§ Source data:

-- Opening Marker --

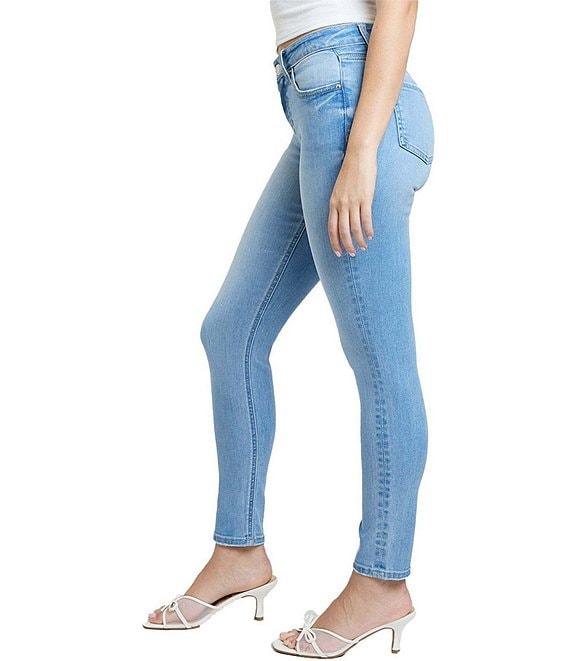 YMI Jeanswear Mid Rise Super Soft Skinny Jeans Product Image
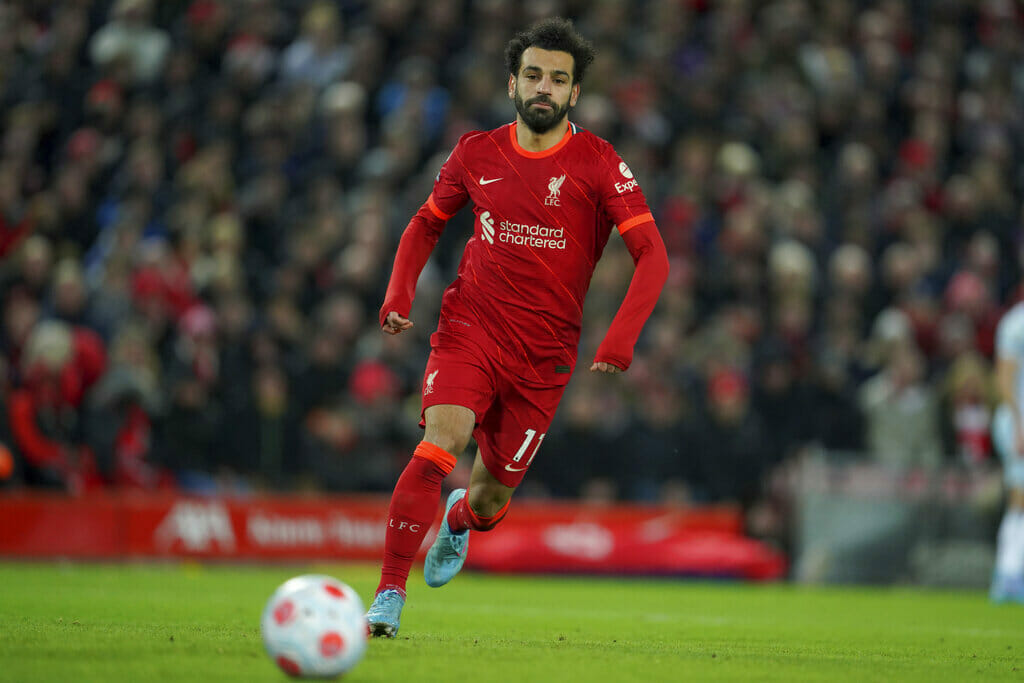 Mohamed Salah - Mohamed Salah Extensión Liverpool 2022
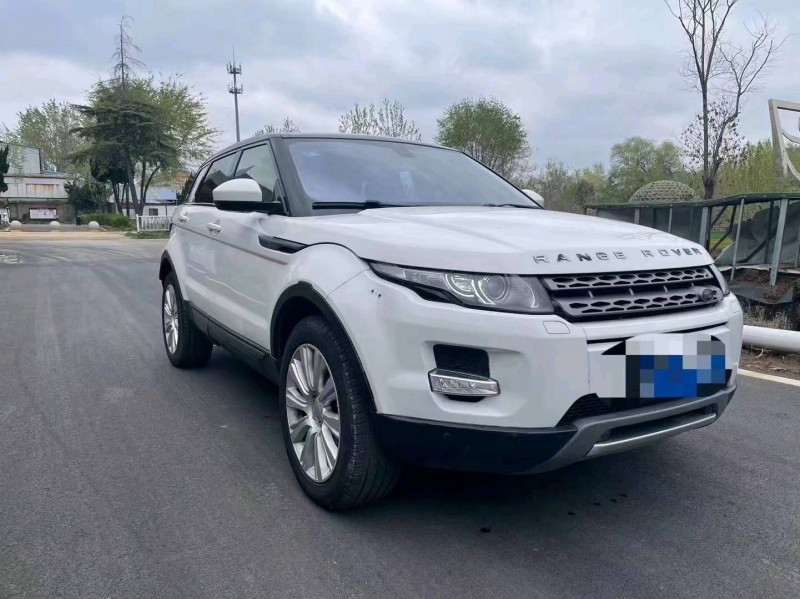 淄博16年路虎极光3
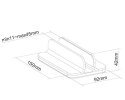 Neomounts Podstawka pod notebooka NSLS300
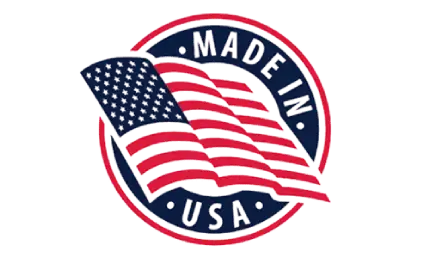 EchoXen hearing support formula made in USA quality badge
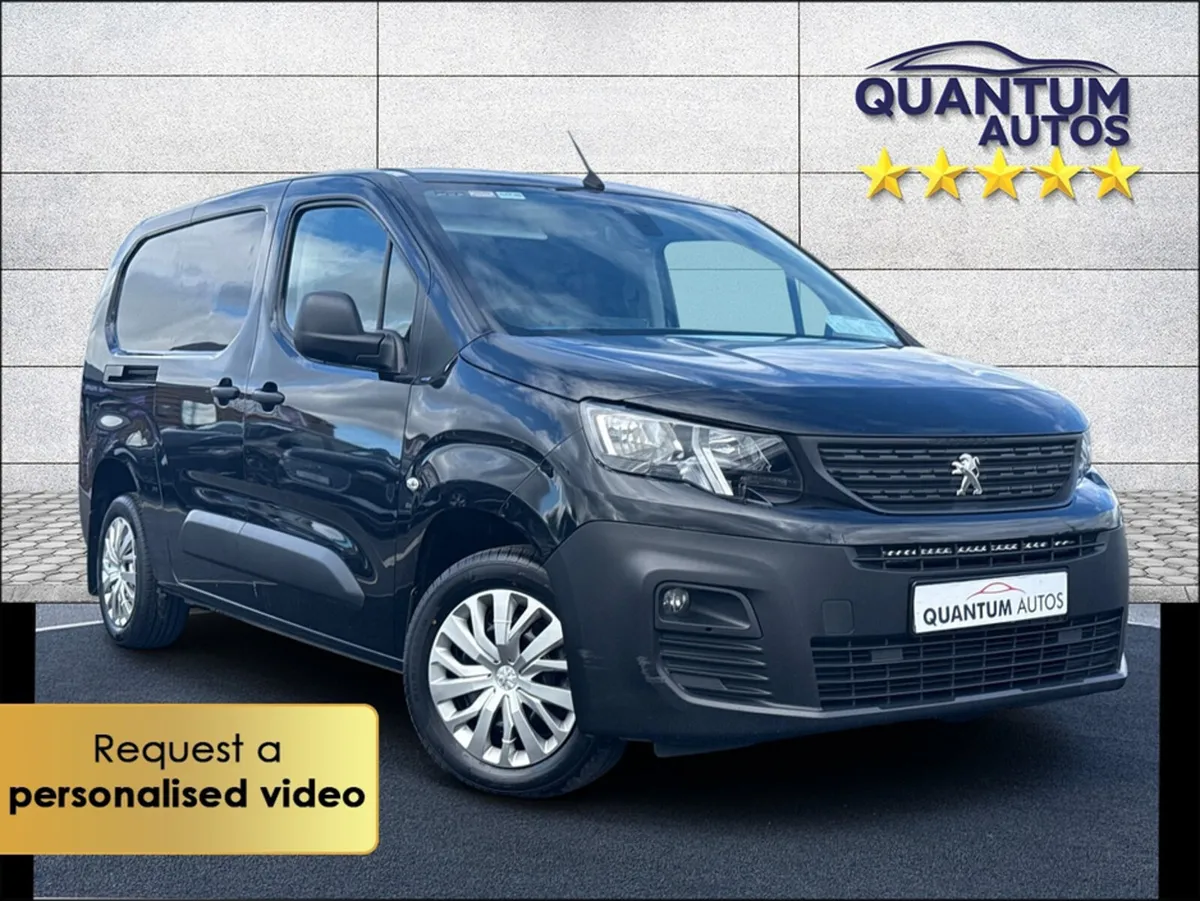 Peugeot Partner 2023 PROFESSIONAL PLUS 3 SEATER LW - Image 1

-- Closing Marker --
-- Opening Marker --

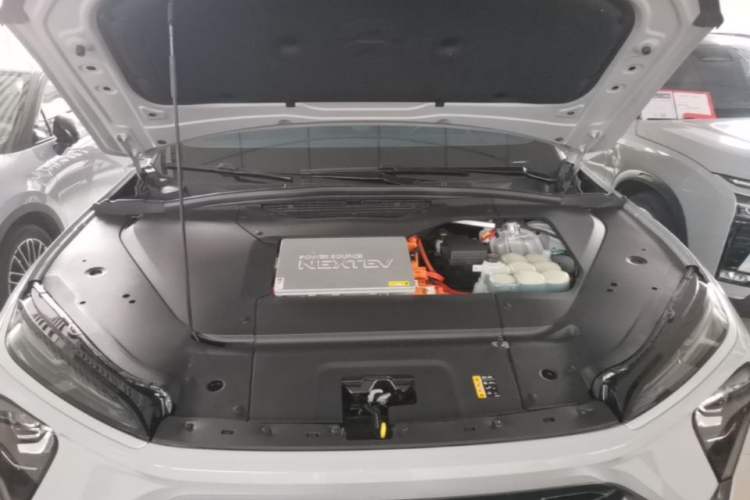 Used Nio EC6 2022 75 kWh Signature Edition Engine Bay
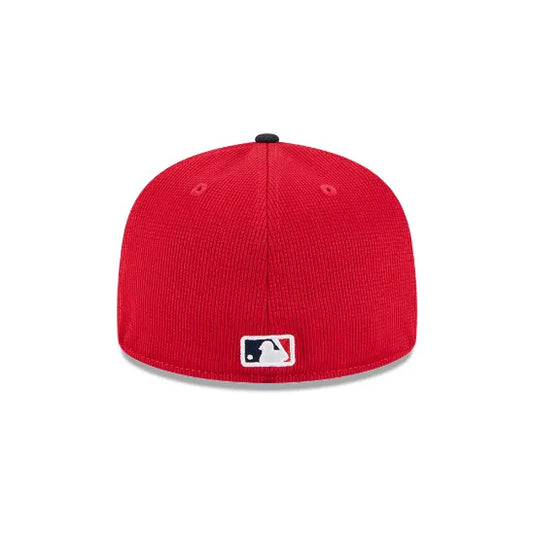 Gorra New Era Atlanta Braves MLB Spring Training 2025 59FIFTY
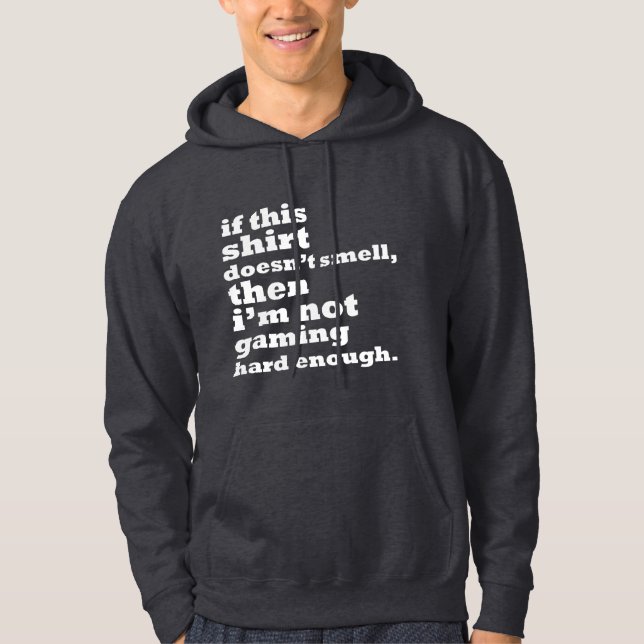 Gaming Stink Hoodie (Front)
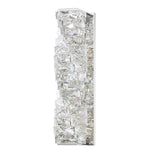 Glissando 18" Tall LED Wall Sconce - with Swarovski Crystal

-- Closing Marker --

§ Your instructions: Beginning with the line above that has "YMI Jeanswear Mid" and going on through the line that has "Peugeot Partner 2023", retype every line exactly and add nothing else; drop the pictures.

§ Answer for this exercise:
 YMI Jeanswear Mid Rise Super Soft Skinny Jeans Product Image
 Mohamed Salah - Mohamed Salah Extensión Liverpool 2022
 淄博16年路虎极光3
 Neomounts Podstawka pod notebooka NSLS300
 EchoXen hearing support formula made in USA quality badge
 Peugeot Partner 2023 PROFESSIONAL PLUS 3 SEATER LW - Image 1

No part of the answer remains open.